On the other side of that, when I come back to sort I do want to hear the history. Because hearing the history is what helps me sort the keeping stuff. The history does not help me in sorting “go” from “stay”. It’s just a distraction.

But was super fun. I’m glad I went. I am also glad I decided to *not* come back today. I’m fucking tired. And I’m supposed to go dancing tonight. I predict a nap in my near future.

Tonight I’ll be at the DNA Lounge if anyone wants to come see me. If I know any people who go out at night. Caffeine, oh my dear dear friend. And I will have to lay off the pot this afternoon even if I am bitchy. Or I’ll fall asleep.

Later this evening we are having dinner with my friend and his family. Then I go out. I should also find time to run four miles today. Maybe when I finish writing. Then I can come home and take a nap.

Yesterday’s party was a little weird. It was a high school reunion on accident. It makes sense. The school isn’t that far away physically. I’m not surprised that some of stayed close by. There was also a huge college contingent for Noah. One key host is the reason for the overlap. He’s in my first book. He’s the only person who gets a pseudonym. Preserving this ongoing friendship may be one of the reasons why. He committed a crime. And he would be easy to trace from the book. So I made it at least a little harder.

Mostly I don’t try to protect people from the consequences of their actions. In that case… I totally initiated everything and I like him so much and I know what his life has done. He’s not a pedophile and he’s not a serial rapist. It’s ok that he got seduced by someone too young. Even if it was illegal.

Man I’m a two faced son of a bitch on the legality and illegality of actions.

Anyway. I like this man a lot. I like his wife. I like their new son. I had a great time. I got to see lots of people I’ve known for a long time. It is hard hearing about difficulties in friends lives. I hope I listened respectfully. I have no answers.

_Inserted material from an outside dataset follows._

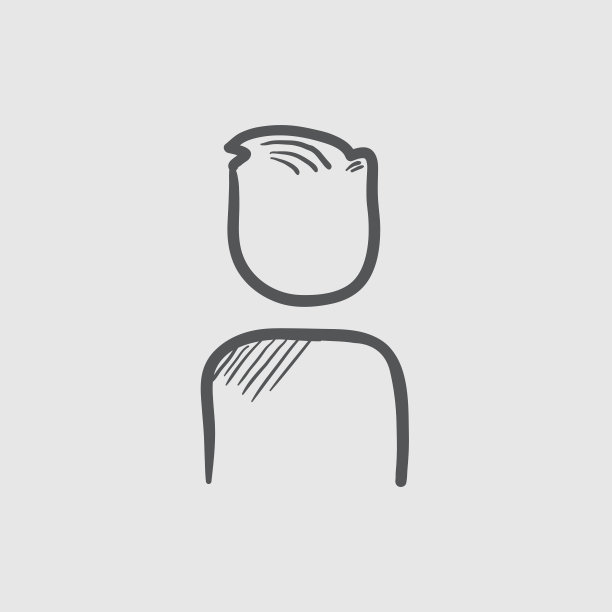 男子素描图标图片下载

Life is hard sometimes.

I’m always willing to listen.

The kids had a blast. My kids are developing multiple distinct occasionally overlapping friends circles. I feel good about that. They can play with anyone. I like watching them.

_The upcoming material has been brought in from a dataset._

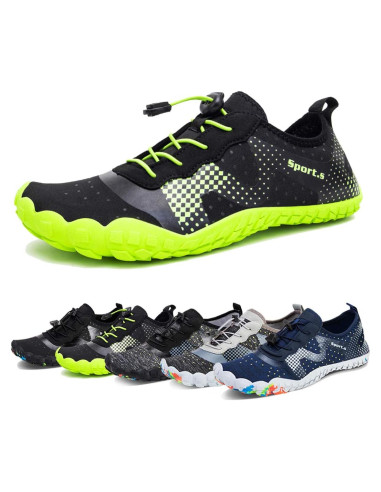 Zapatos de Agua WateLves Barefoot Secado Rápido 10 Hombres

Now that our kids aren’t babies we parents stand together and go, “I try not to hover. But they are doing ___!” And compatriots say, “Stay strong!” “Let them fuck up!”

It’s hilarious and wonderful.

I like this side of my friends. Seeing them as parents changes them quite a bit.

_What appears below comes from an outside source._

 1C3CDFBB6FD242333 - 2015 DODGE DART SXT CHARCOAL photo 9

Really I’m just enjoying the passage of time. No one stays down forever. No one is all bad. No one is all good. Cycles.

When you’re going through hell, keep on moving. Don’t slow down and you might get out before the Devil knows you are there.

I wonder what that really means. When you live in shitty neighborhoods, stay at home and hide and read and avoid all the bad influences around you?

I don’t know. But it’s time for today to start.

One thought on “Good times and crying, like you do.

  1. Inflectionpoint

    I’m so glad the cleaning went well! And yay getting lumber out of this!